The practical approach to steep objectives
Growing up in the 90’s in the Adelaide Hills the rest of the world felt a long way away. New discoveries, geniuses, and game changing break throughs seemed to always happen in exotic places a long way away.
The most predictable thing in business is that people, teams, and organisations are going to be stretched. It can feel like this is unique to us, but it has been happening since the Industrial Revolution (and probably for a long time before that). The narrative tends to be ‘do more with less’. Often as leaders, we are the ones charged with the responsibility of passing this message onto the workers to execute the strategy.
Recently, I saw Eddie Izzard, the British Comedian, who brilliantly discussed his 27 marathons in 27 days (amongst a billion other things). He hilariously tells of the experience, "the first one is hard, the second, third, and fourth are the hardest, and then after that “your brain thinks it’s in bed dreaming about the pain you are in". But, think about it – Izzard is in his 50’s, hasn’t an athletic bone in his body, yet he achieved something most of us would consider impossible.

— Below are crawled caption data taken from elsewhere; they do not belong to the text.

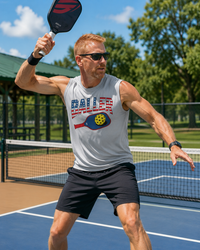 Load image into Gallery viewer, "Man playing pickleball outdoors wearing a sport silver USA Baller patriotic graphic muscle tank, overhead smash on a blue court"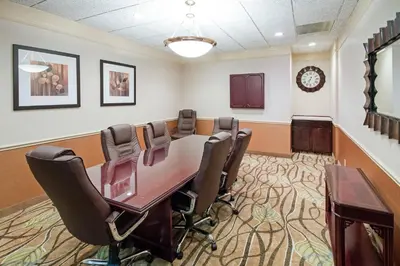 a conference room with a table and chairs at River Bluff Hotel and Conference Center in Mineralwells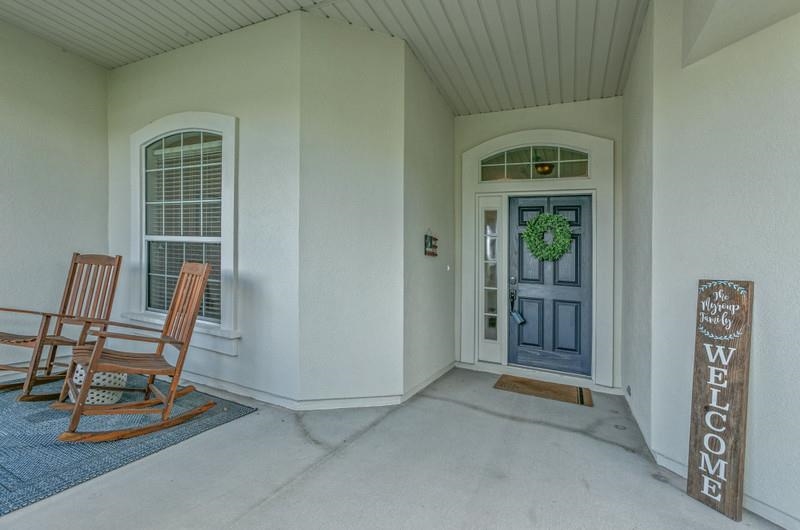 2724 North Portofino Road St. Augustine, FL 32092 - Photo 6 of 86 a view of a livingroom with furniture and front door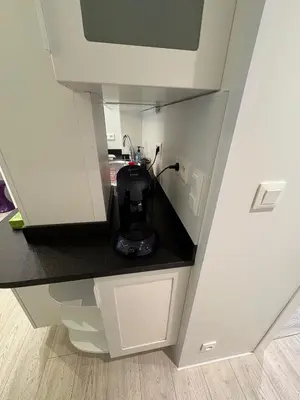 a small kitchen with a coffee maker in a counter at MUSICIENS Joli DUPLEX 2 Chambres Garage privatif et Terrasse in Nice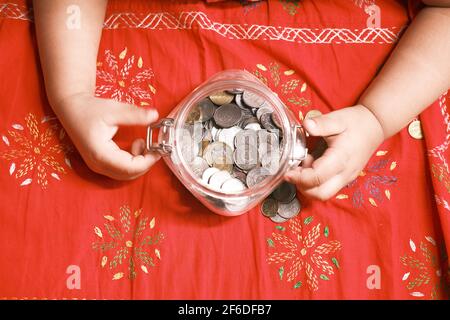 child girl pile coin for saving on bed , top view  Stock Photo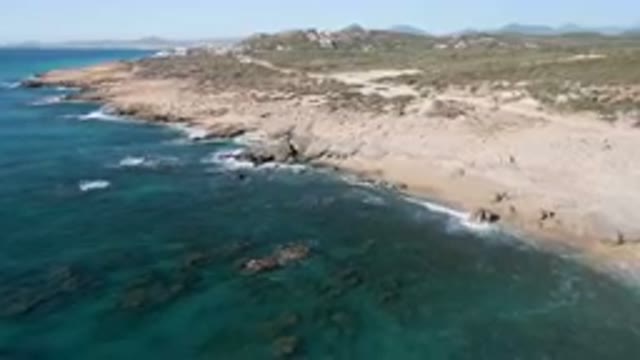 LAGUNA BEACH LOS CABOS BCS MEXICO-2023: Aerial View Of Rocky Shoreline With Ocean Waves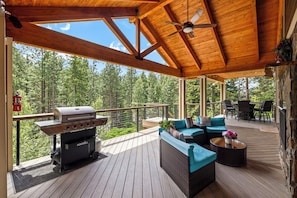 Expansive Covered Deck w/ an Outdoor Fireplace, Sectional Couch, Gas Patio Table, & Amazing Views!!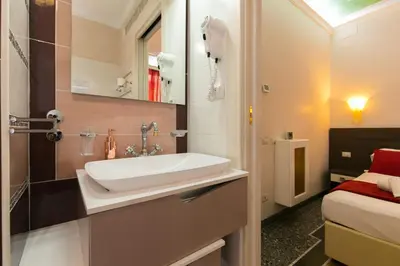 a bathroom with a sink and a bed at Anthony 47 in Rome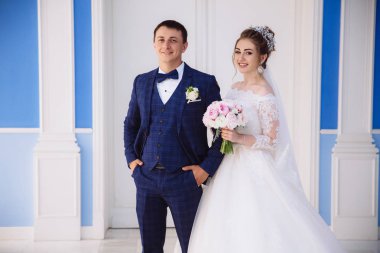 Yeni evliler gülümseyen, sıkı şık elbiseli adam ve bir buket ile kabarık beyaz elbiseli kız tören salonu, girmek için gidiyoruz.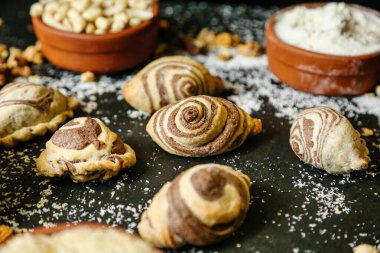 Farklı şekillerde, boyutlarda ve tatlarda çeşitli lezzetli hamur işleriyle dolu bir masa..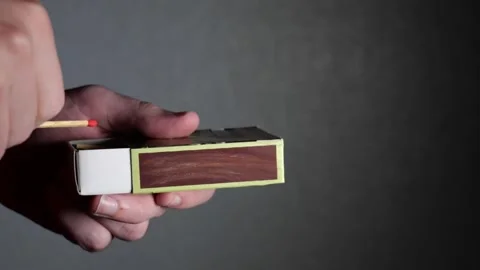 Hand holding a match in slow motion Video stock 244008071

Finding this inspiring is easy. Taking a lesson from it and implementing habitual action to take on the seemingly impossible ourselves is very different.

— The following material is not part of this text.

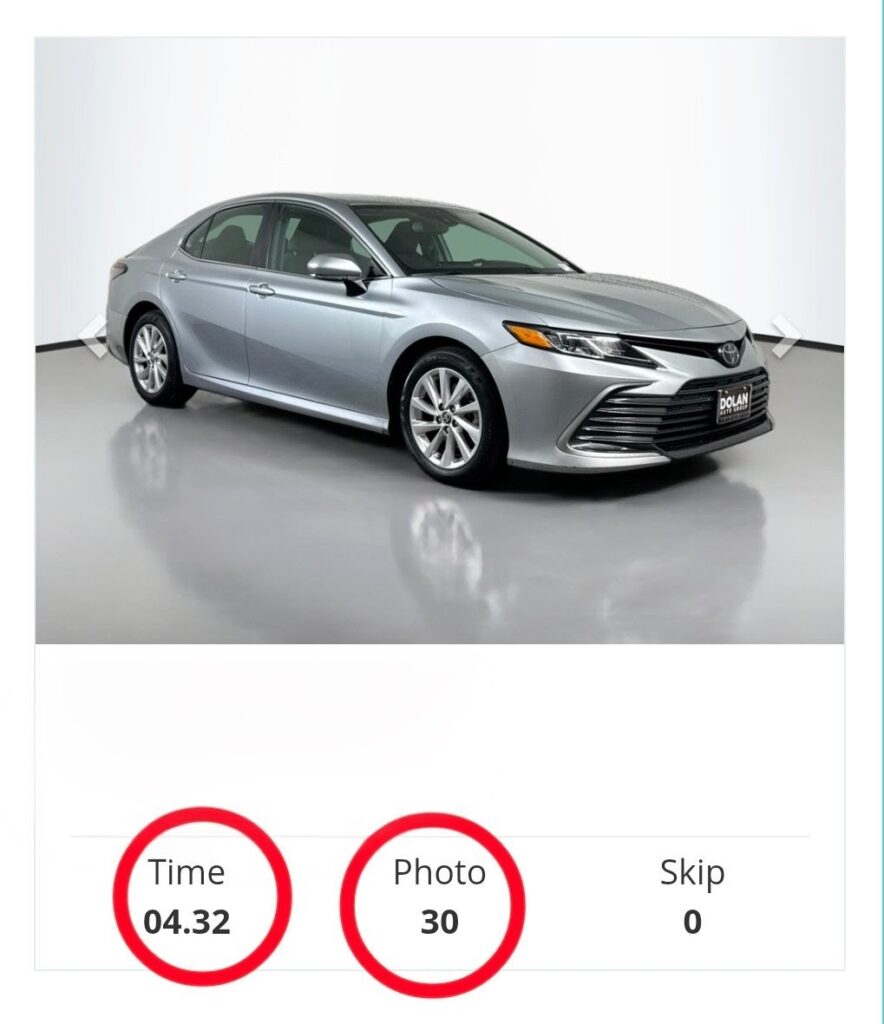 car in a car photo booth with workflow times displayed beneath it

When faced with tough budgets, stretch KPI’s, or ridiculous deadlines we can allow ourselves a moment to say “tell him he’s dreaming” (a famous Aussie quote from the movie The Castle) or some kind of expletive.
Then once the angst has been let out, it is time to get a game face on and prepare to get the job done. In an age when 'failing often' is all the rage, we need to acknowledge that failing to meet objectives will not be tolerated for long, and the higher up the chain, the less wiggle room there is.
What I have found helpful includes:
Do you know all of the technical elements of your role, your team’s roles, and those that relate to your client? Close the gaps through training, research, and key on-the-job experience.
2. Tracking the right stuff?
Just because average sale, conversion rate, and run rates are what everyone has been tracking since forever, doesn’t mean you have to. Question what will ‘shift the dial’ when executing the strategy. Track what will make impact, not what someone ten years ago thought was important.
3. Seize the moments
In the movie Limitless, Bradley Cooper’s character takes a pill that opens up big chunks of his brain none of us can access. Suddenly colours are brighter, he is attuned to all kinds of details, and he feels awake in a way he has never felt before (kind of like a beautifully strong coffee in the morning 1000x). ‘Pre-pill’ is how I view most managers and executives out there. Working hard, with so much on their desk they can’t even see the 20 or 30 moments presented to them every day where productivity and effectiveness lies in their teams. The moments that create, initiate, and nudge people closer to being brilliant at their jobs and align everyone's purpose.
The first two fixes listed above are the easiest to execute, and that is why most tend towards them first, and rightly so. Without these in place, the small moments cannot be understood or capitalised upon. The third takes courage to own up to and to develop. As Dr Brene Brown says, “we can choose comfort, or we can choose courage”. Having the courage to develop the leadership interpersonal skills, and then to practice them daily in the workplace takes courage.
The payoff? This is where true transformation happens. Where business results are meaningfully impacted. Where unrealistic targets become achievable.